We present a reinforcement learning (RL) framework to synthesize a control policy from a given linear temporal logic (LTL) specification in an unknown stochastic environment that can be modeled as a Markov Decision Process (MDP). Specifically, we learn a policy that maximizes the probability of satisfying the LTL formula without learning the transition probabilities. We introduce a novel rewarding and path-dependent discounting mechanism based on the LTL formula such that (i) an optimal policy maximizing the total discounted reward effectivelly maximizes the probabilities of satisfying LTL objectives, and (ii) a model-free RL algorithm using these rewards and discount factors is guaranteed to converge to such policy. Finally, we illustrate the applicability of our RL-based synthesis approach on two motion planning case studies.
Formal logics have been used to facilitate robot motion planning beyond its traditional focus on computing robot trajectories that, starting from an initial region, reach a desired goal without hitting any obstacles (e.g., [karaman2011sampling, karaman2011anytime]).
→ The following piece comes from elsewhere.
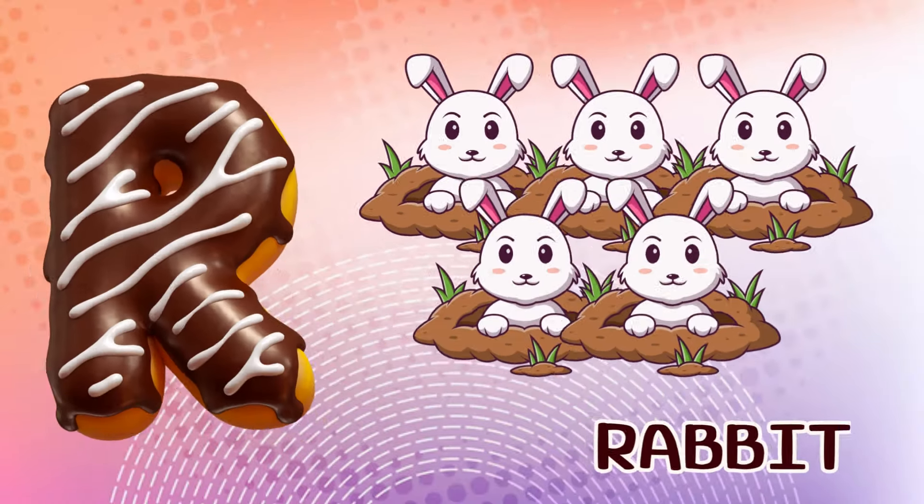M is for mat, m-m-mat. N is for net, n-n-net. O is for orange, o-o-orange. P is for pet, p-p-pet.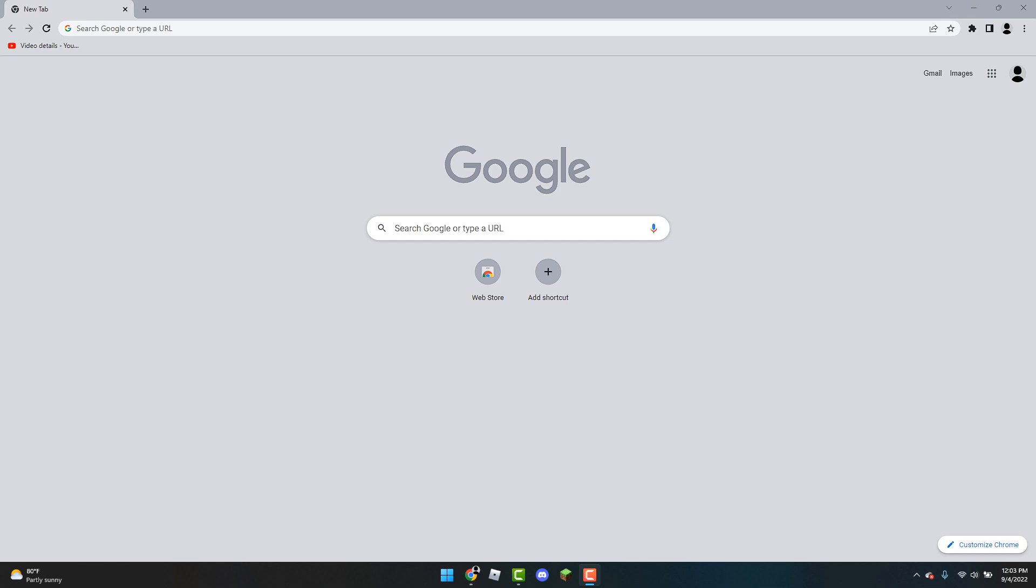Hello and welcome back guys to MS Tech Tutorials. In this tutorial I'll be showing you how to change your Google Chrome background.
Linear Temporal Logic (LTL) is a widely used framework for formal specification of high-level robotic tasks on discrete models. Thus, control synthesis on discrete-transition systems for LTL objectives has attracted a lot of attention (e.g., [vasile2013, smith2011, chen2012, kantaros2017, wolff2014]).
Another line of work considers motion planning for LTL objectives for systems that exhibit uncertainty coming from either robot dynamics or the environment, such as Markov Decision Processes (MDPs) [guo2018, guo2015multi, kantaros2019, lahijanian2012, wolff2012, kwiatkowska2013, ding2014]. One of the reasons for the focus on synthesizing control for an MDP, from a given LTL objective, is that by construction the obtained controller maximizes the probability of satisfying the specification. Furthermore, tools from probabilistic model checking [baier2008] can be directly used for synthesis. Yet, when the MDP transition probabilities are not known a priori, the control policy needs to be synthesized through learning from samples.
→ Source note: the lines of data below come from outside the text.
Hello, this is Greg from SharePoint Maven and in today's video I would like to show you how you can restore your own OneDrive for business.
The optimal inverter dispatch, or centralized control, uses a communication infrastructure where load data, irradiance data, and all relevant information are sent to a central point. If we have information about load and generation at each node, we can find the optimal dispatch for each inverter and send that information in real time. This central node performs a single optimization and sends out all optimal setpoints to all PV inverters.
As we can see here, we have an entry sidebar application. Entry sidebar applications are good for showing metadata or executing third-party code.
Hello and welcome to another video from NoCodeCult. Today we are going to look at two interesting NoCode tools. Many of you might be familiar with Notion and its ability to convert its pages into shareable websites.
Accordingly, there is a recent focus on learning for control (i.e., motion planing) synthesis for LTL objectives (e.g., [fu2014, sadigh2014, li2017, li2018policy, brazdil2014]). Most model-based reinforcement learning (RL) methods are based on detection of end components, and provide estimates of satisfaction probabilities with probably approximately correct bounds (e.g., [fu2014, brazdil2014]). These approaches, however, need to first learn and store the MDP transition probabilities, and thus mostly have significant space requirements, restricting their use on systems with small and low-dimensional state spaces.
On the other hand, model-free RL methods derive the desired policies without storing a model of the MDP. The temporal logic tasks need to be represented by a reward function, possibly with a finite-memory, so that the optimal policy maximizing the discounted future reward, also maximizes the probability of satisfying the tasks. One approach is to use time-bounded temporal logic specifications that can be directly translated to a real-valued reward function (e.g., [aksaray2016, li2017]). Alternatively, unbounded LTL formulas can be transformed into an -automaton and the accepting condition of the automaton can be used to design the reward function.
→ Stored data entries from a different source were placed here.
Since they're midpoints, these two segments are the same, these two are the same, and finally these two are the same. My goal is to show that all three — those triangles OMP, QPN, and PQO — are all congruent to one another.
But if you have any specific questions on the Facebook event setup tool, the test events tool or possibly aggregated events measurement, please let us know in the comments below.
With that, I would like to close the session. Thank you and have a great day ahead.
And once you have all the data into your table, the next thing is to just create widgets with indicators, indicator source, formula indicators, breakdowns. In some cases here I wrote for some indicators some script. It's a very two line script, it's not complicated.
Such reward functions based on Rabin conditions were first introduced in [sadigh2014], as part of a model-based RL method; the approach assigns a sufficiently small negative and a positive reward to the first and second sets of the Rabin pairs, respectively. A generalization of this method to deep Q-learning with a new optimization algorithm is done in [gao2019]. However, in the presence of rejecting end components and multiple Rabin pairs, optimal policies may not satisfy the LTL property almost surely, even if such policy exists [hahn2019].
A given LTL property can also be translated into a limit-deterministic Büchi automaton (LDBA), which can be used in quantitative analysis of MDPs [hahn2015, sickert2016]. On the other hand, the problem of satisfying the Büchi condition of an LDBA can be reduced to a reachability problem by adding transitions with a positive reward from accepting states to a terminal state [hahn2019]. As the probabilities of these transitions go to zero, the probability of reaching the terminal state should capture the probability of satisfying the corresponding Büchi condition. However, model-free RL algorithms such as Q-learning may fail to converge to the correct reachability probabilities without discounting (or improper discounting) in the presence of end components [brazdil2014].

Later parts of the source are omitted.